Pemerintah Indonesia, melalui Menteri Koordinator Politik dan Keamanan (Menko Polkam) Jenderal (Purn) Budi Gunawan, berkomitmen tegas memberantas premanisme dan tindakan ormas yang mengganggu iklim investasi. Langkah ini diambil sebagai respons atas laporan masyarakat mengenai pungutan liar yang kerap dilakukan oknum ormas terhadap para pengusaha. Pemerintah menyadari pentingnya stabilitas keamanan dan kepastian hukum untuk menarik investasi dan menjamin pertumbuhan ekonomi yang berkelanjutan.
Langkah konkret yang diambil adalah pembentukan Satgas Terpadu Operasi Penanganan Premanisme dan Organisasi Kemasyarakatan (Ormas). Satgas ini dibentuk untuk menindak tegas segala bentuk premanisme dan aktivitas ormas yang meresahkan masyarakat serta berpotensi menghambat investasi dan kegiatan usaha. Hal ini sejalan dengan arahan Presiden Prabowo Subianto yang menekankan pentingnya ketertiban umum dan stabilitas sosial.
Pembentukan Satgas Terpadu: Langkah Tegas Pemerintah
Pembentukan Satgas Terpadu merupakan bukti komitmen nyata pemerintah dalam menciptakan lingkungan yang kondusif bagi investasi. Satgas ini akan bertugas untuk menindak tegas para pelaku premanisme dan ormas yang melakukan tindakan melawan hukum.
Kehadiran negara diharapkan dapat dirasakan masyarakat melalui penegakan hukum yang adil dan rasa aman dalam menjalankan aktivitas ekonomi.
Menjaga Stabilitas Keamanan dan Kepastian Hukum
Menko Polkam Budi Gunawan menjelaskan, stabilitas keamanan dan kepastian hukum merupakan fondasi utama pembangunan ekonomi.
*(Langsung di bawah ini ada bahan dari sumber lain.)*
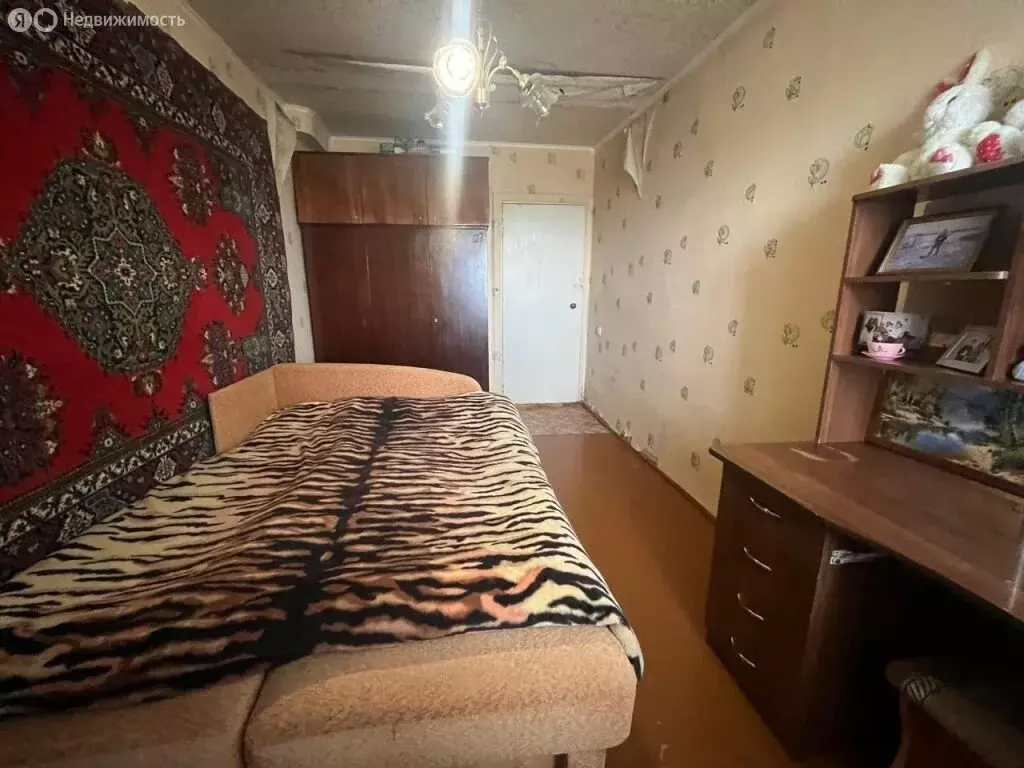2-комнатная квартира: Нижний Новгород, улица Федосеенко, 100 (50.4 м) - Фото 1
Tanpa hal tersebut, kepercayaan investor akan terus tergerus.
Pemerintah memahami bahwa setiap ancaman terhadap ketertiban umum dan keamanan masyarakat harus segera ditangani secara proporsional dan sesuai hukum.
Keberadaan Satgas Terpadu diharapkan dapat memberikan rasa aman bagi para pelaku usaha, baik dalam negeri maupun asing, sehingga iklim investasi dapat terus membaik.
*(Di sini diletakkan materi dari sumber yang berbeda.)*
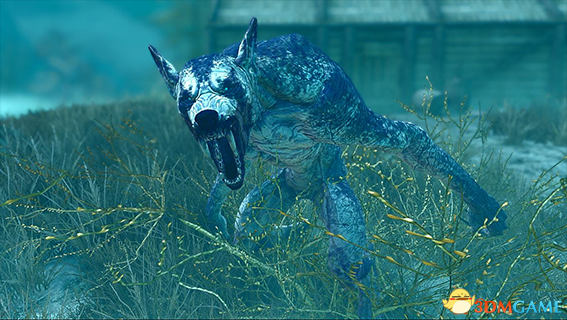 上古卷轴5 不死狼人生物MOD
Kolaborasi Antar Kementerian dan Lembaga
Rapat koordinasi lintas kementerian dan lembaga telah dilaksanakan untuk memastikan efektifitas kerja Satgas Terpadu.
Kementerian dan lembaga yang terlibat dalam rapat tersebut antara lain Kementerian Sekretaris Negara, Kementerian Dalam Negeri, Kementerian Investasi dan Hilirisasi, Kementerian Hukum dan HAM, Kementerian Luar Negeri, Kementerian Ketenagakerjaan, Kementerian Perindustrian, Kementerian Koperasi dan UMKM, Kementerian Perdagangan, Kementerian ESDM, Kementerian BUMN, Kejaksaan Agung, TNI, Polri, Kantor Staf Kepresidenan, Kantor Komunikasi Kepresidenan, BIN, dan BSSN.
Kolaborasi ini menunjukkan komitmen pemerintah dalam menangani premanisme secara terintegrasi dan menyeluruh.
Koordinasi yang baik antar instansi menjadi kunci keberhasilan Satgas Terpadu dalam memberantas premanisme dan menciptakan iklim investasi yang sehat.
Dengan adanya Satgas Terpadu ini, diharapkan Indonesia dapat menciptakan lingkungan usaha yang lebih aman dan menarik bagi investor, sehingga dapat mendorong pertumbuhan ekonomi nasional.
Keberhasilan Satgas Terpadu ini sangat bergantung pada sinergi yang kuat antar berbagai pihak, termasuk dukungan dari seluruh lapisan masyarakat.
Pemerintah berharap langkah tegas ini akan memberikan dampak positif terhadap iklim investasi dan perekonomian Indonesia secara keseluruhan. Ke depan, diharapkan akan tercipta lingkungan bisnis yang lebih aman dan tertib, sehingga dapat menarik lebih banyak investasi dan menciptakan lapangan kerja baru.